»»

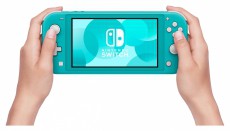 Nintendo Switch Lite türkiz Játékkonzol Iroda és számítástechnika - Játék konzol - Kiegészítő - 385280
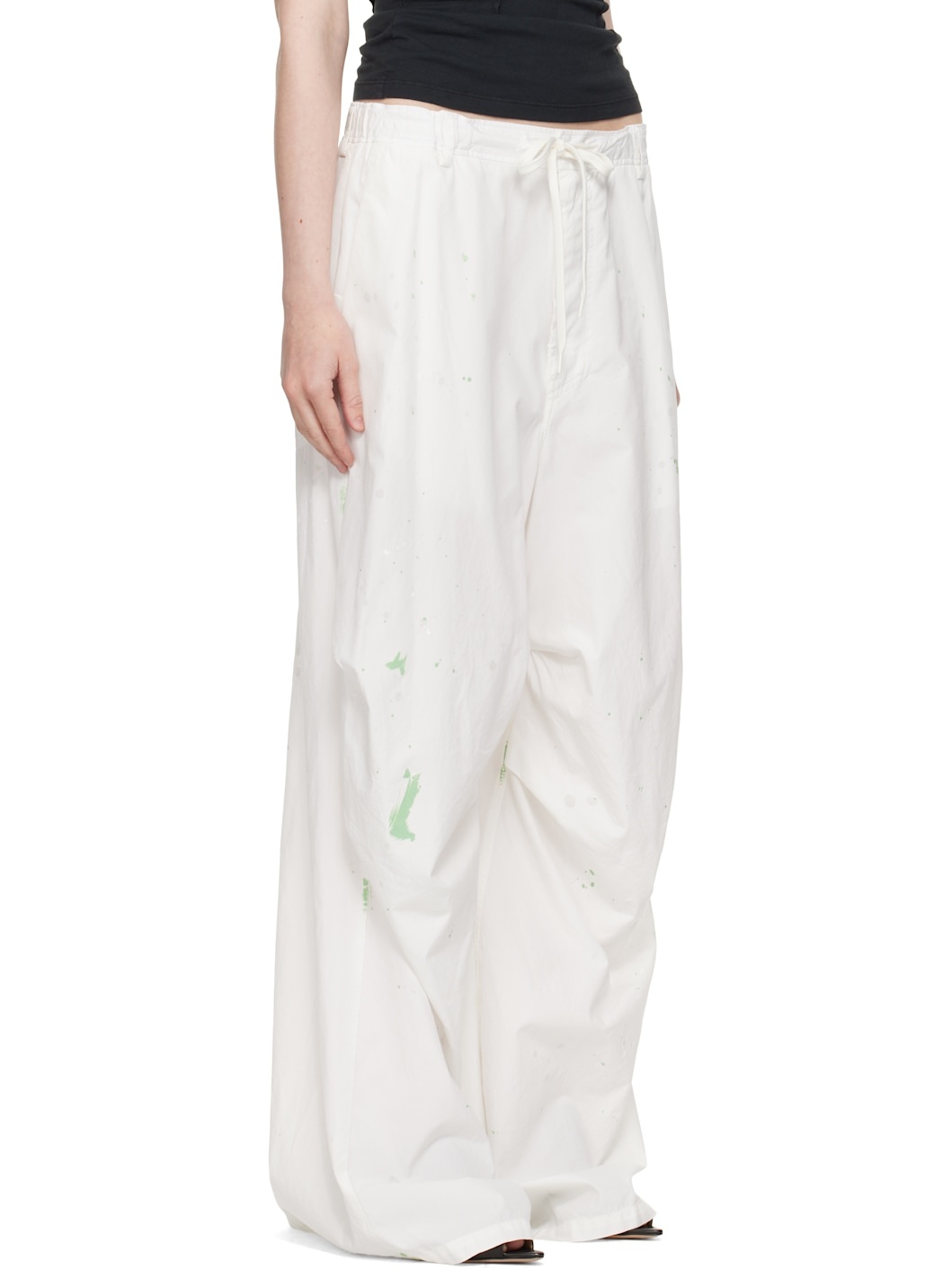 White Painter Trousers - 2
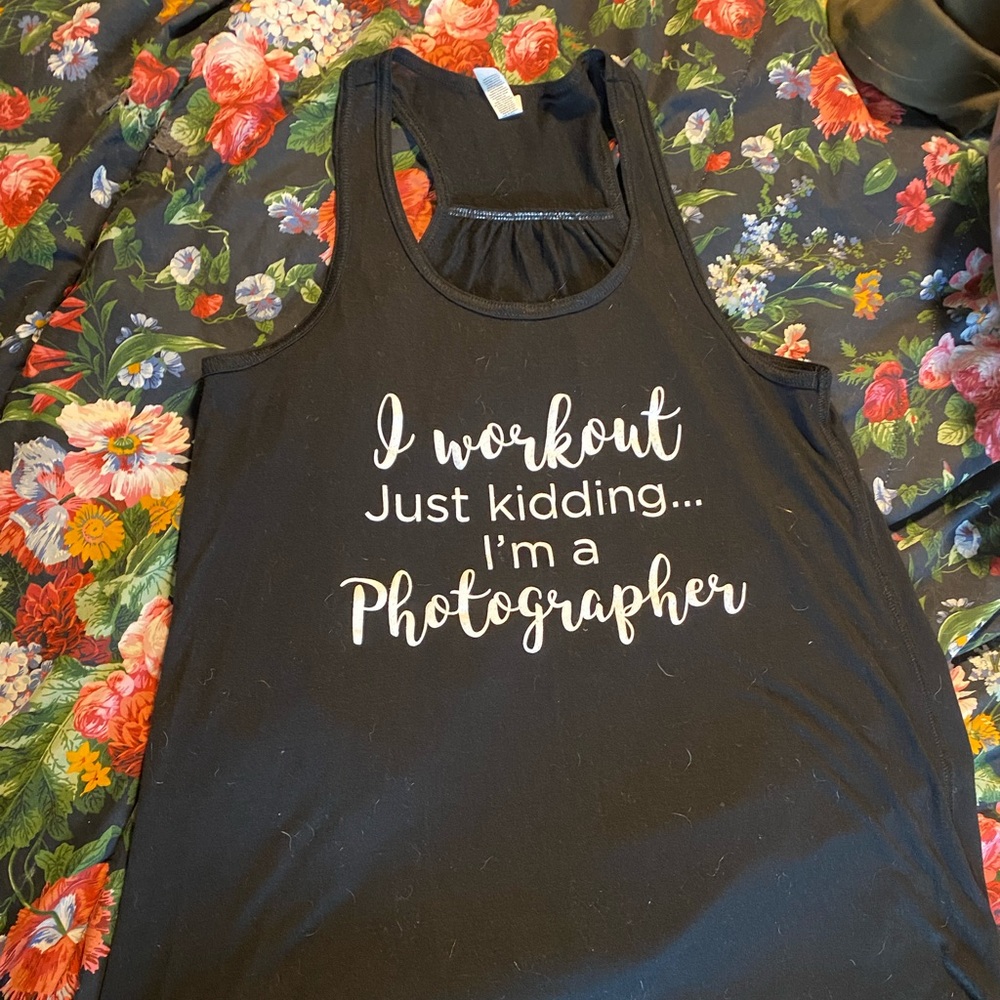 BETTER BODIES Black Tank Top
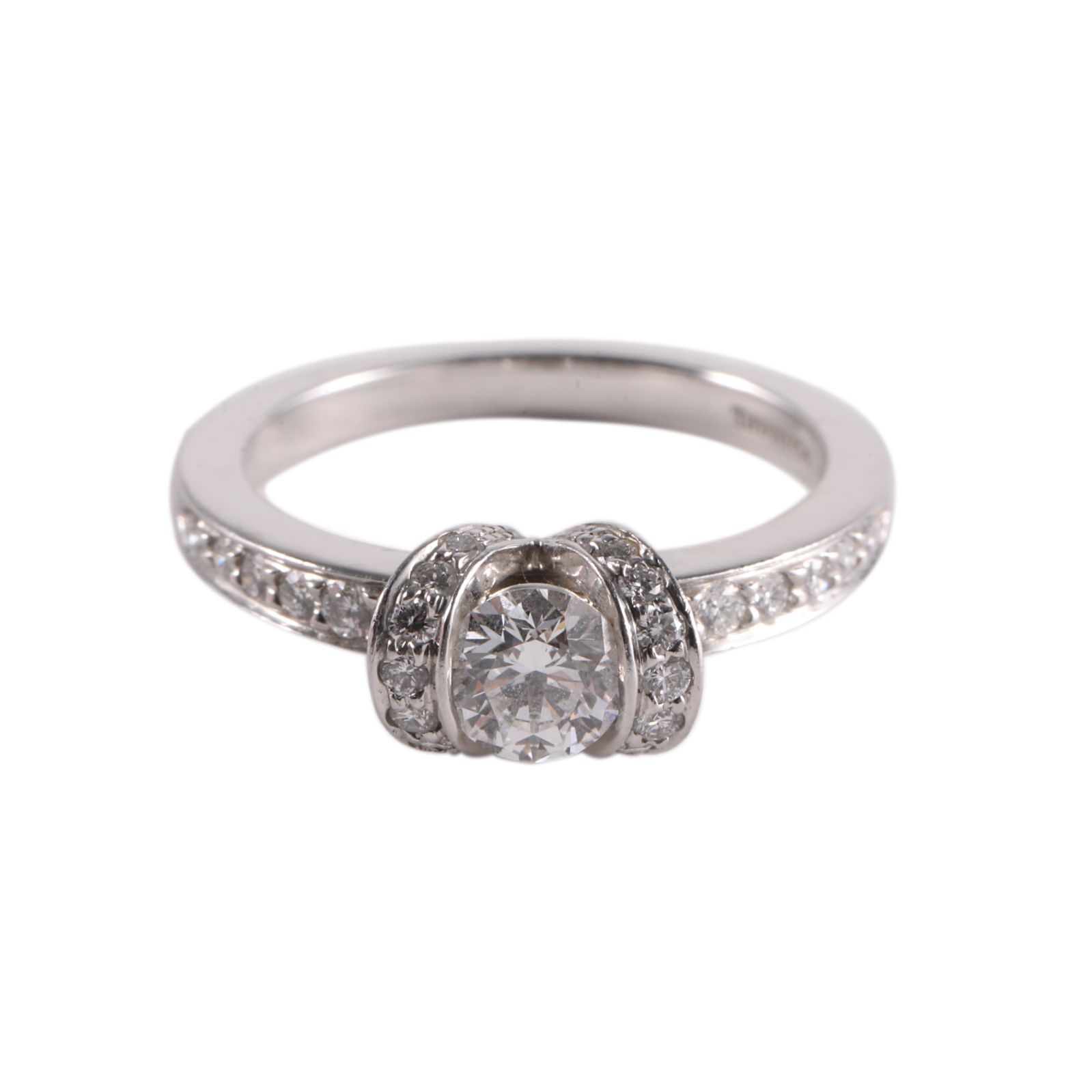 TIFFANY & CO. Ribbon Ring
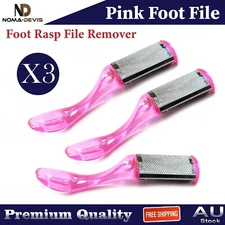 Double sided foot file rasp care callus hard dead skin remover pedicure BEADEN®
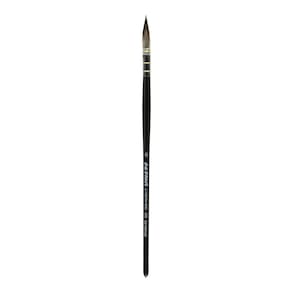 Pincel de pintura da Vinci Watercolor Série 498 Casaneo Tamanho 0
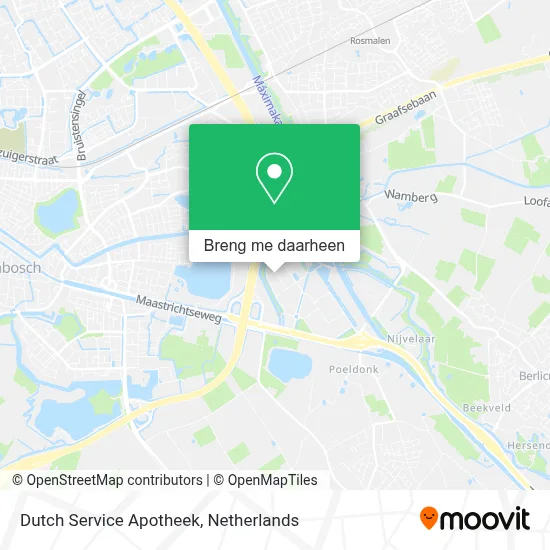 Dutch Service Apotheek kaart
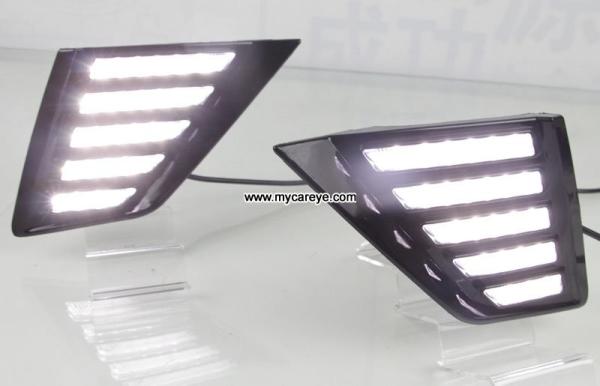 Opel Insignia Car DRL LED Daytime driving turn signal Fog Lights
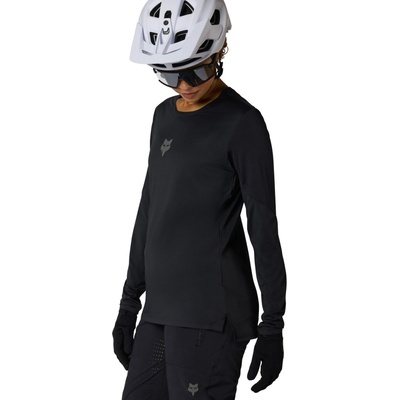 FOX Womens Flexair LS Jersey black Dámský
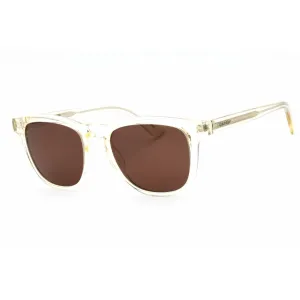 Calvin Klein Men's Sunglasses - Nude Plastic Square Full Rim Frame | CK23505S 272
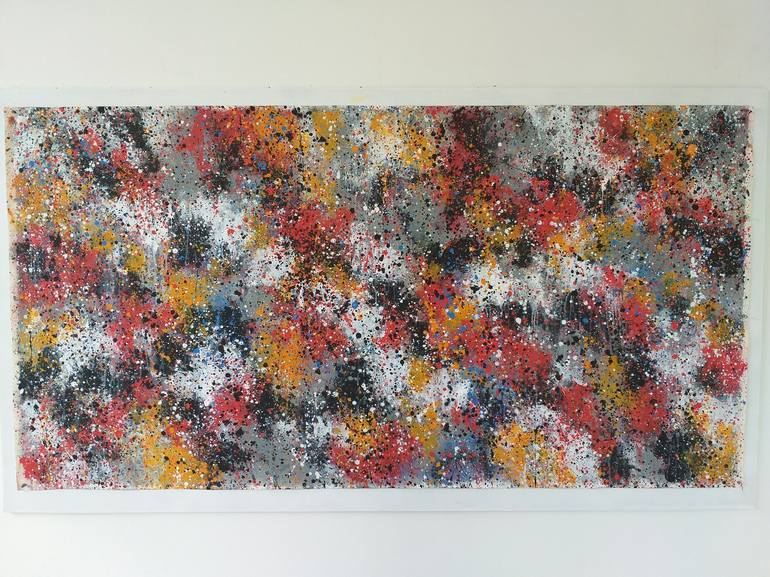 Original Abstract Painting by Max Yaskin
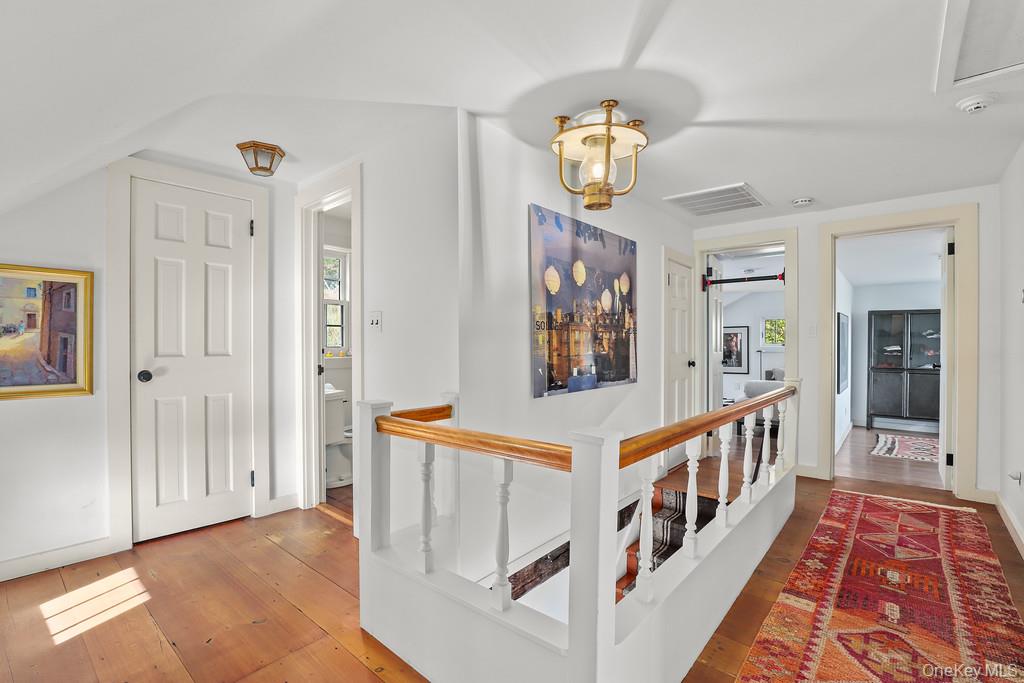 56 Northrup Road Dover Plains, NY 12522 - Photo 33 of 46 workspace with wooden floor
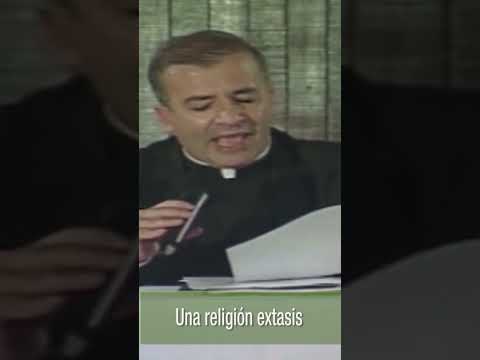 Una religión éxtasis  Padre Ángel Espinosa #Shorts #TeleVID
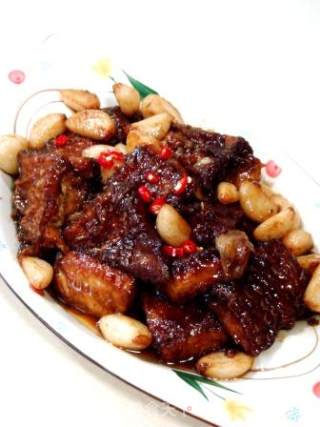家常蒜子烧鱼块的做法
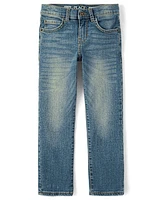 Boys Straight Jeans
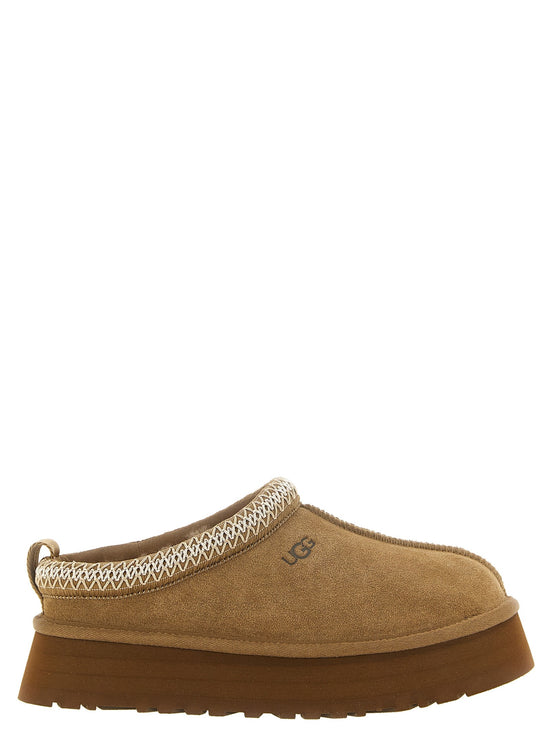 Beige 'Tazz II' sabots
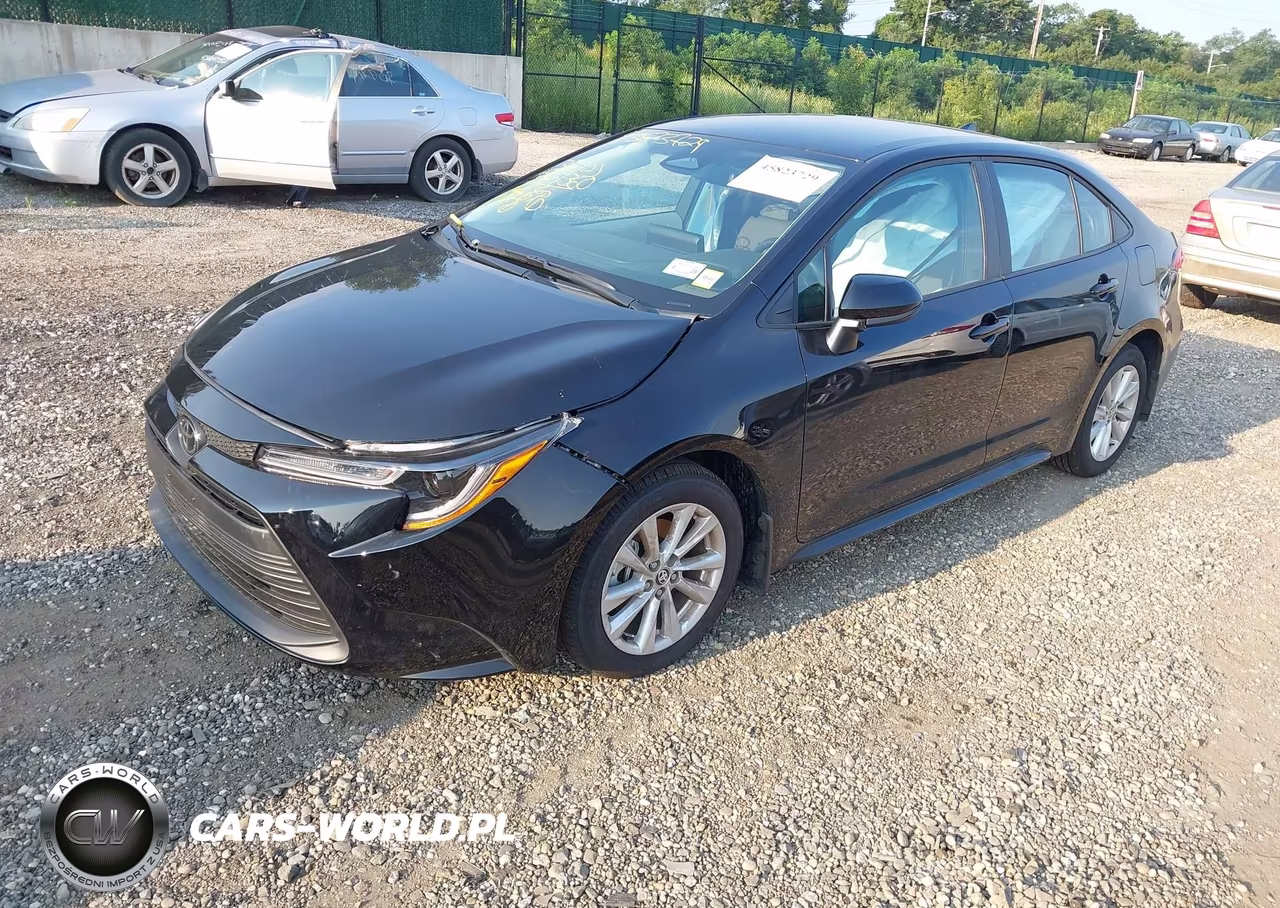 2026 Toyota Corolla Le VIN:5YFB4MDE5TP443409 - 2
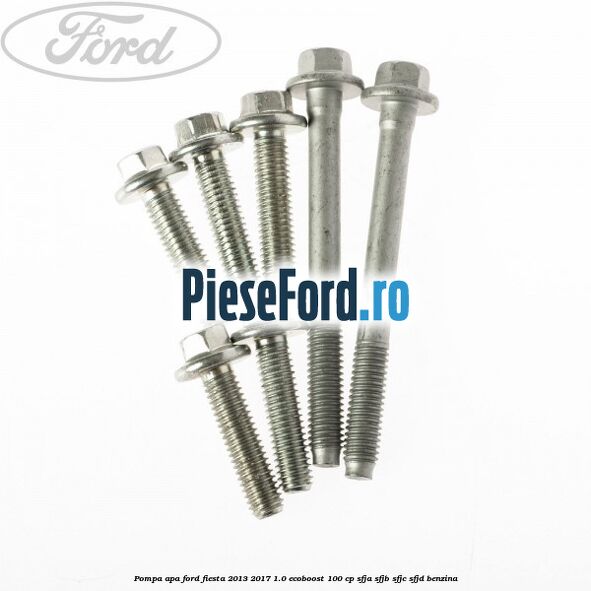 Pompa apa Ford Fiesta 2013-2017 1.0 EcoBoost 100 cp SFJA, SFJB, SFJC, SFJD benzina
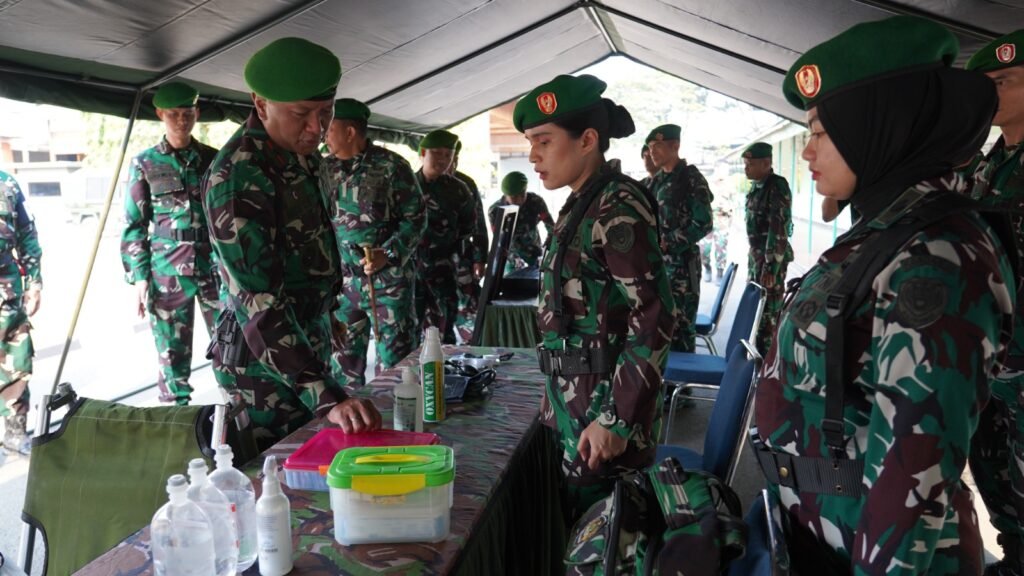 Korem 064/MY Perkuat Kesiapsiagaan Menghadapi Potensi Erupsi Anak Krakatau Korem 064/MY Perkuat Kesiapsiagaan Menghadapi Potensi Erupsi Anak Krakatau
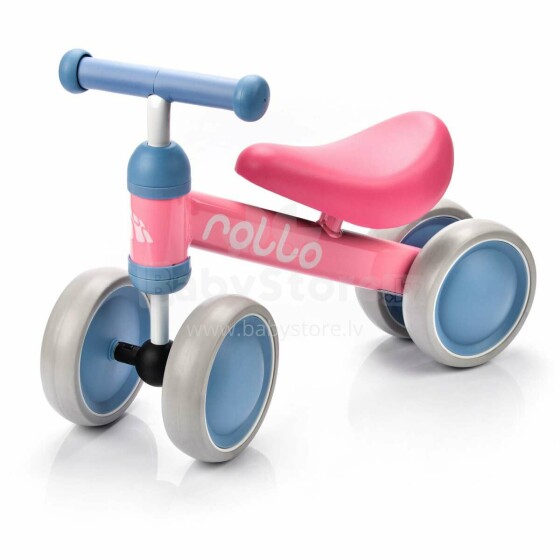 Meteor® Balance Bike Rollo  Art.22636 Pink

««

- _Work item_
Within the material above, find the part that opens with the line containing "Double sided foot" and closes with the line containing "FOX Womens Flexair LS Jersey black Dámský", and reproduce it exactly without the pictures.

- _Result_
 Double sided foot file rasp care callus hard dead skin remover pedicure BEADEN®
 Pincel de pintura da Vinci Watercolor Série 498 Casaneo Tamanho 0
 Dutch Service Apotheek kaart
 Opel Insignia Car DRL LED Daytime driving turn signal Fog Lights
 FOX Womens Flexair LS Jersey black Dámský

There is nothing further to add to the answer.